Testing & QA

Testing a SAML integration can be challenging if you don't have access to an Identity Provider. Osso provides a Mock IDP (repo | site) that you can use for testing purposes. We also recommend testing with at least one real Identity Provider - Okta offers a free developer account and if you're a Google Workspace admin you can configure a SAML app for your company via Google.


To set your testing up for success, first ensure you've created your OAuth Clients and configured Redirect URIs. You should also enter your application's information on the Configuration page to customize your PDF docs.

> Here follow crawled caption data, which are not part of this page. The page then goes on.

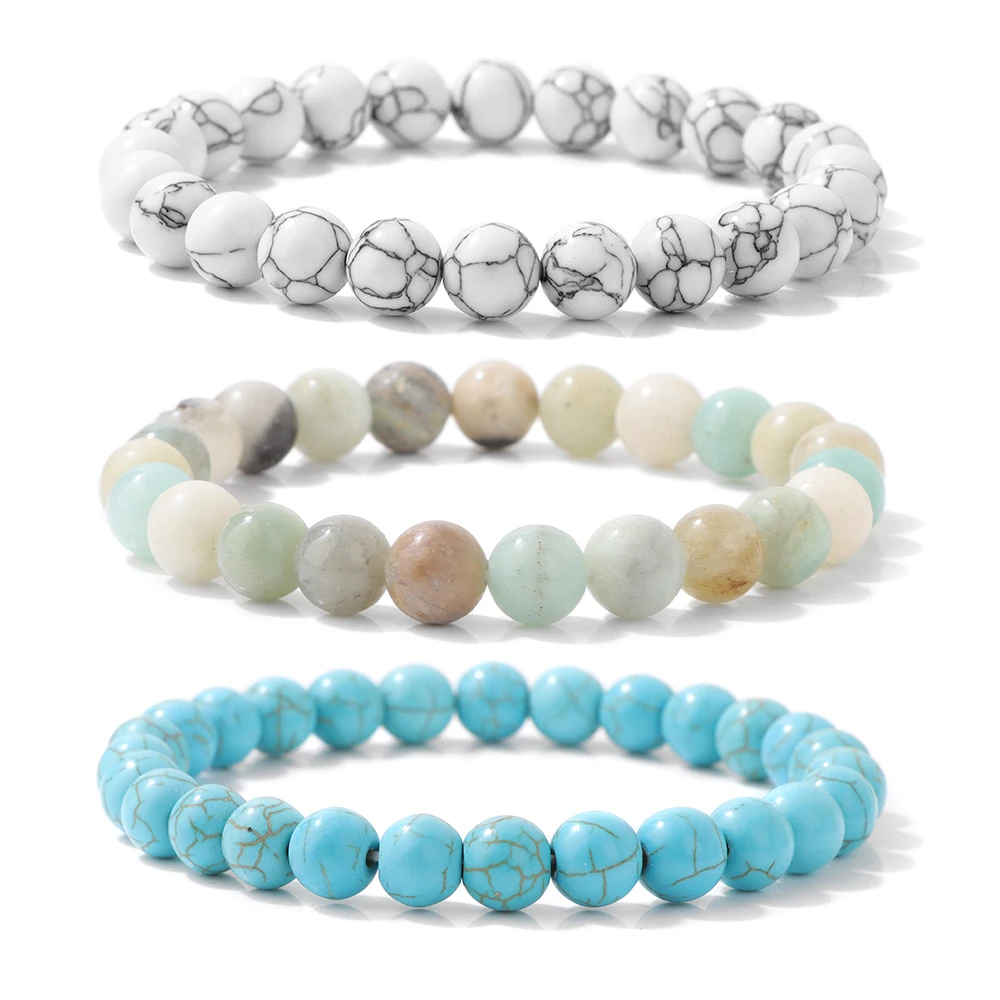 Bracelets multicouches en pierre naturelle pour hommes et femmes, perles de cristal, bijoux semi-pride, turquoise, amazogging ite
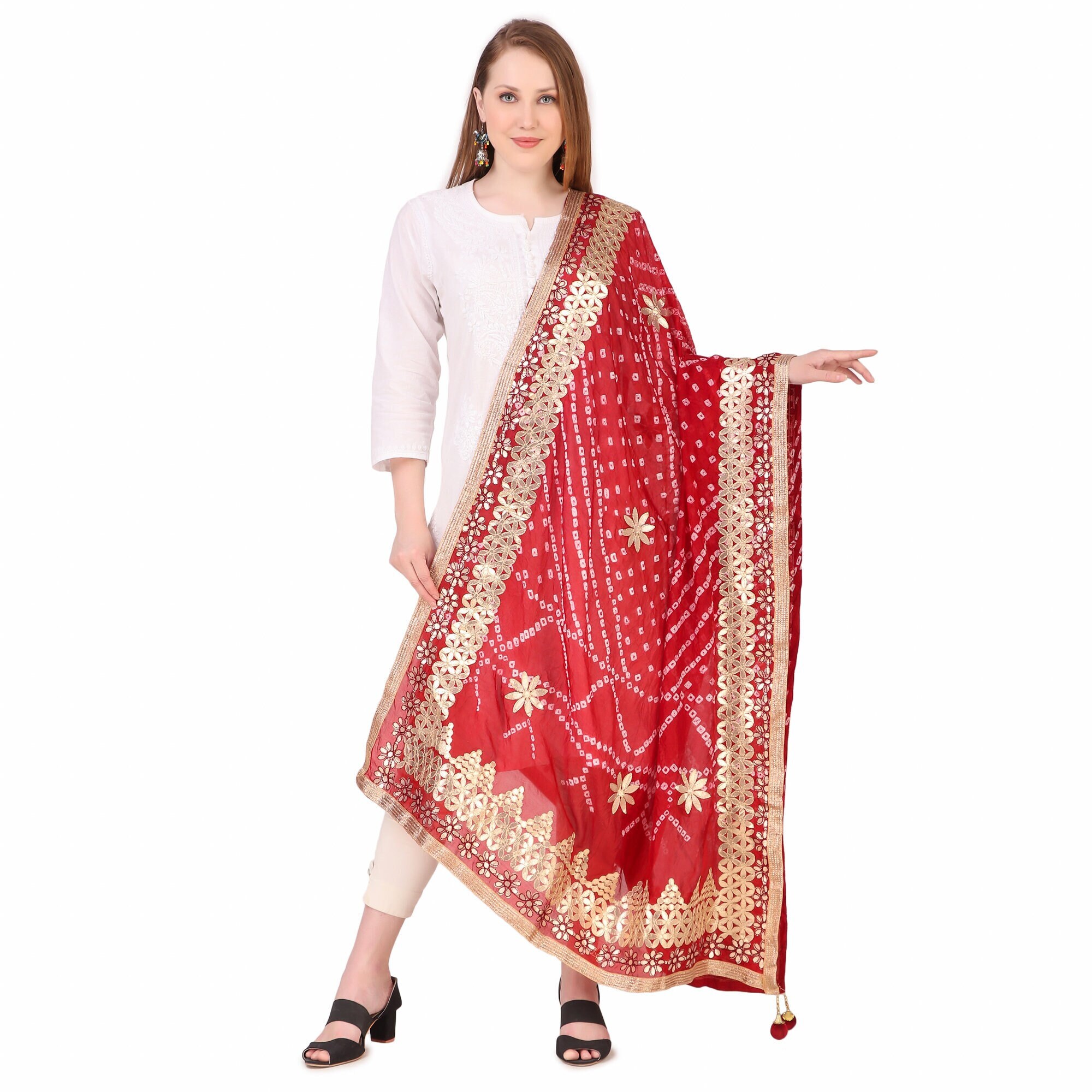 Red gota cheap patti suit
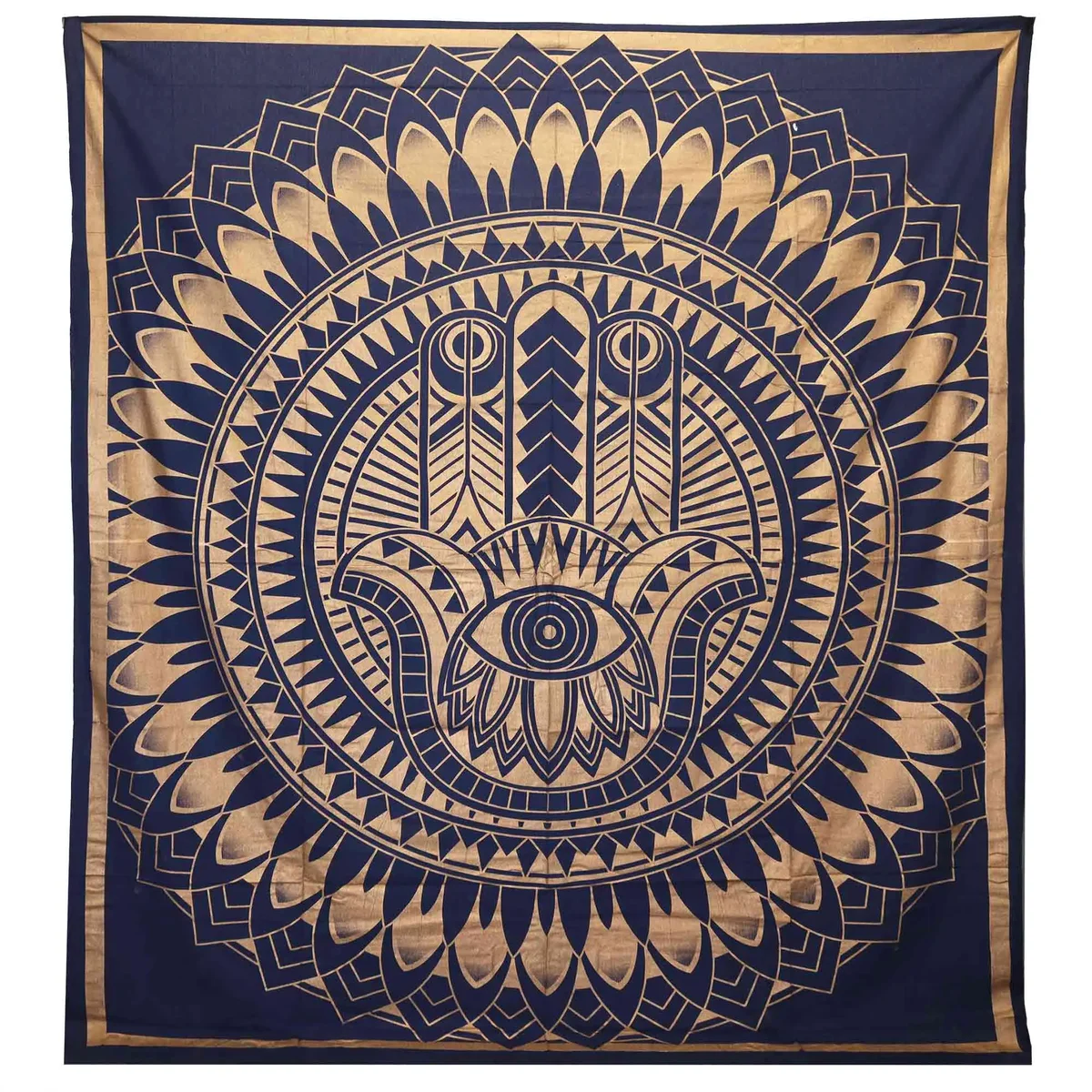 Double bedspread with blue and gold Hamsa design, also used as a wall hanging, made of cotton fabric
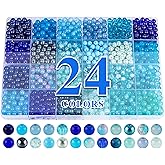 XSEINO About 1200PCS 6mm Glass Beads Bracelet Making Kit,24 Assorted Dreamy Blue Ocean Series Colorful Crystal Beads for Bracelet and Jewelry Making and DIY Crafts,Friendship Bracelets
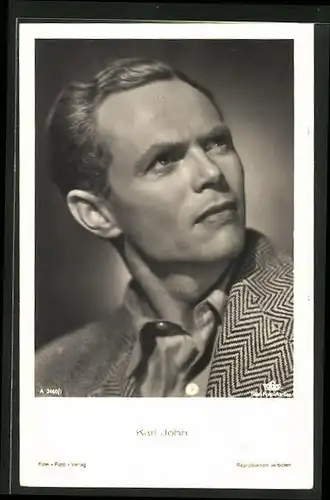 AK Schauspieler Karl John mit fragendem Blick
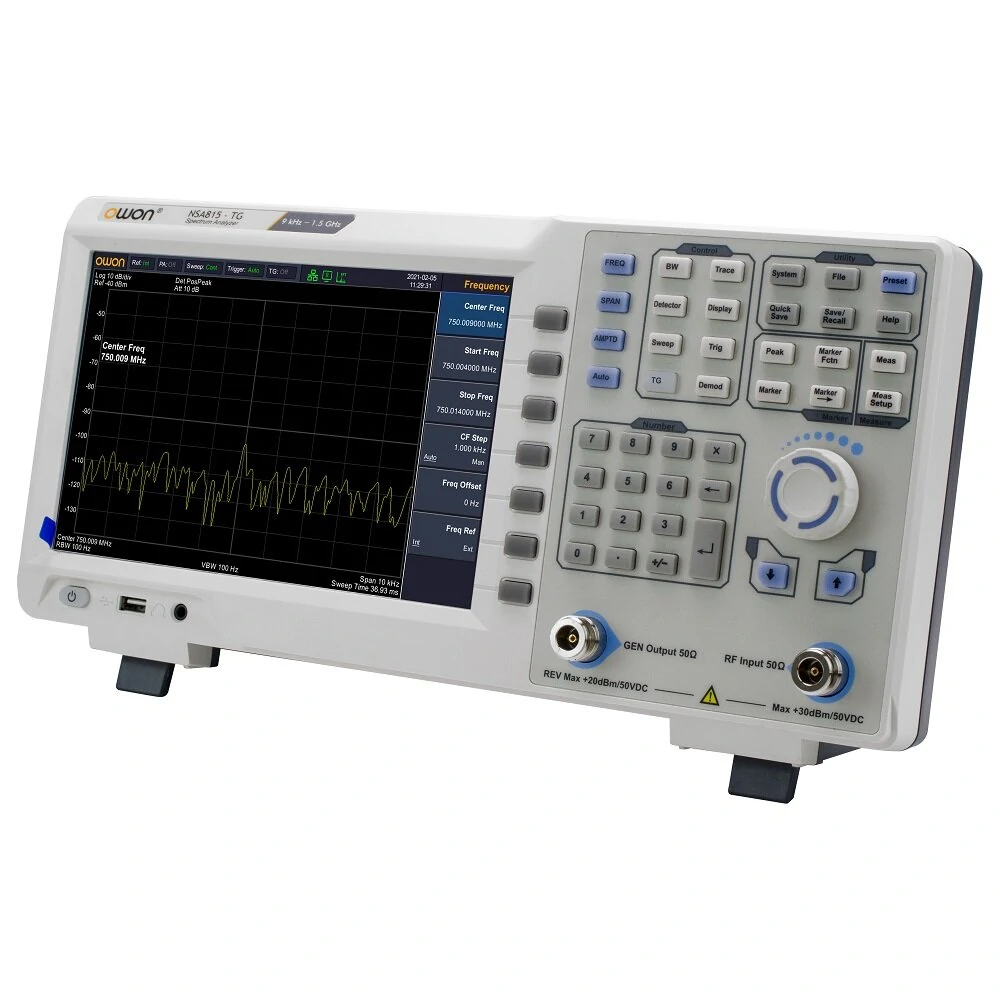 OWON XSA815-TG Spectrum Analyzer 9kHz-1.5GHz | 9-Inch LCD | Tracking Generator & USB/LAN/HDMI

Then create a Customer record for your own company or a test company like example.com. You'll use this to add and configure Identity Providers for your testing purposes.

Osso Mock IDP#

Osso offers a mock Identity Provider. It's open source and available for anyone to use. It requires no authentication - given a valid SAMLRequest, it will return a SAMLResponse for a mock user with the email address entered. The Mock IDP does persist the email you enter, but only in order to return consistent UUIDs for a given email address - we won't ever contact an email you enter there.You can download the SAML Metadata to configure the test IDP as an Identity Provider in your Osso instance here.

Return to the Customer you created during Setup and create a New Identity Provider. Choose Generic SAML as the Identity Provider and the OAuth client for the environment you will use to QA your integration. Upload the SAML metadata for the Test IDP to complete configuration.

You can start integrating Osso and testing your integration against the Osso mock IDP, but we recommend setting up a second, real IDP. Going through this process will help you understand the whole flow and should generate some empathy for your customers who use Identity Providers. Osso has first class support for Google Workspaces, so if your company runs on Google software you can configure your application as a SAML app in your Google workspace, but you'll need administrative access, which might not be ideal. Instead we'd suggest signing up for an identity provider like Okta.

Okta Developer#

Okta, a leading cloud Identity Provider service, offers a free Developer Edition account. The account limits the number of users and applications you can create, but the account doesn't expire and the sales team isn't too aggressive, so this is perfect for your testing needs. You can sign up for an account at https://developer.okta.com/signup.

Osso has first-class support for Okta as an Identity Provider, but we encourage you to click around a bit to explore and familiarize yourself with the type of software your enterprise customers are using. We're big fans of Okta, but it is definitely enterprise software made by an enterprise company. There are, for some reason, two different UIs for admin purposes - the "Classic UI" and "Developer Console", toggled by a dropdown menu, and SAML apps can only be created in the Classic UI. Without reading more Osso docs, can you figure out how to set up your application in your Okta instance? It's not easy! But that's where Osso shines.

Once you've clicked around Okta a bit, come back to your Osso instance, and let's create another Identity Provider for your same test customer record. Osso will generate documentation that walks you through setting up your app in Okta, and at the end will instruct you to download a metadata.xml file and upload to Osso to complete configuration. By going through this process you'll start to understand how your colleagues will help onboard enterprise customers once your Osso integration is shipped to production.

Once you have two identity providers in the Configured state in Osso, you're set up for testing success, and can start integrating Osso into your application by consuming Osso's OAuth server.